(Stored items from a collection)
════
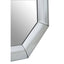 Noosa & Co. Mirrors Josie Silver Octagon Wall Mirror House of Isabella UK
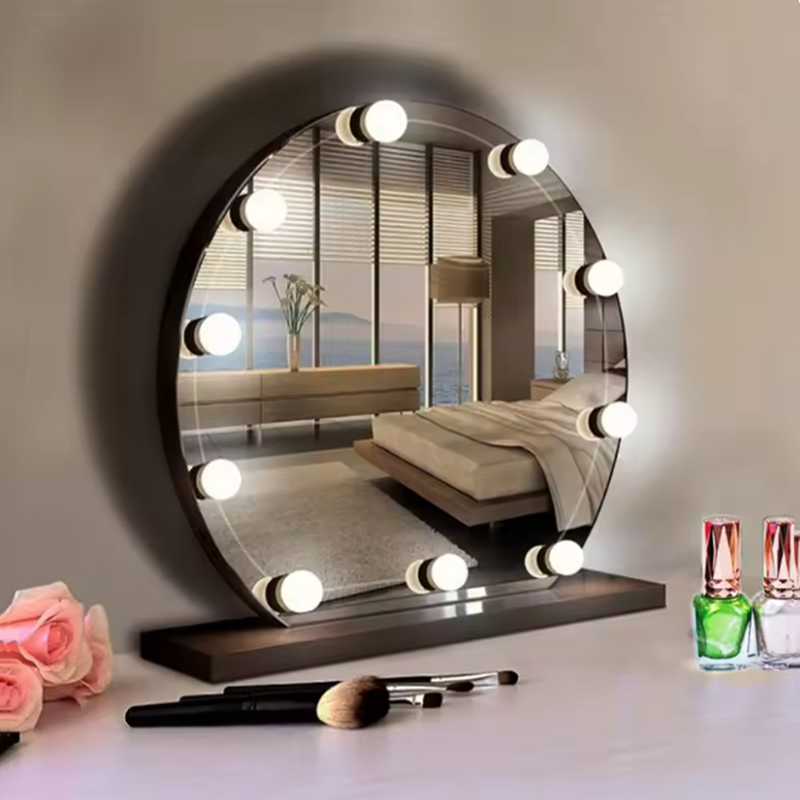 LED レディビューティーメイクアップライト USB 5V  - Beauty Makeup Light のレビューと価格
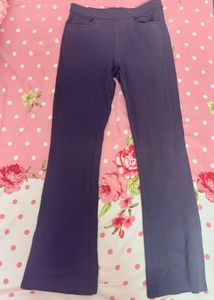 Comfortable black Pants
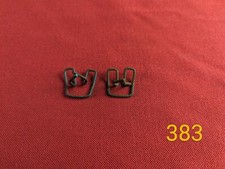 2x Molla graffetta clip
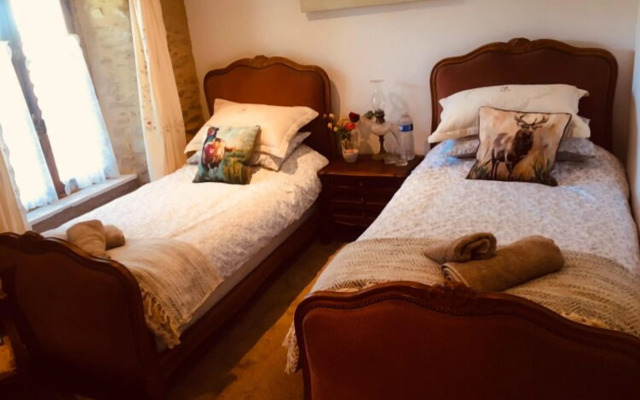 2 Rue des Sources Fraiches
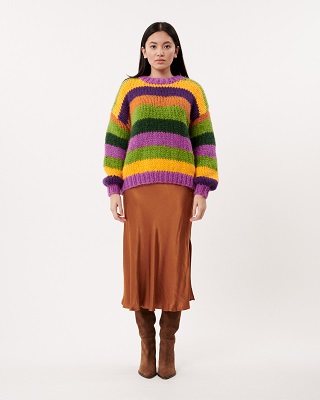 Pull Stacey Multicollor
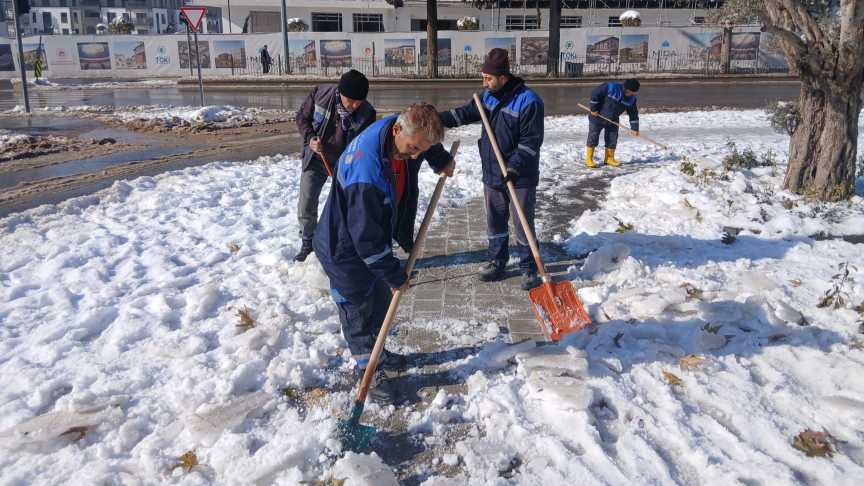 Kaldırım Temizliği (9)-1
════
**Work instruction**
Your answer must be the entries repeated exactly, with no pictures.

**Solution**
 Noosa & Co. Mirrors Josie Silver Octagon Wall Mirror House of Isabella UK
 LED レディビューティーメイクアップライト USB 5V  - Beauty Makeup Light のレビューと価格
 Comfortable black Pants
 2x Molla graffetta clip
 2 Rue des Sources Fraiches
 Pull Stacey Multicollor
 Kaldırım Temizliği (9)-1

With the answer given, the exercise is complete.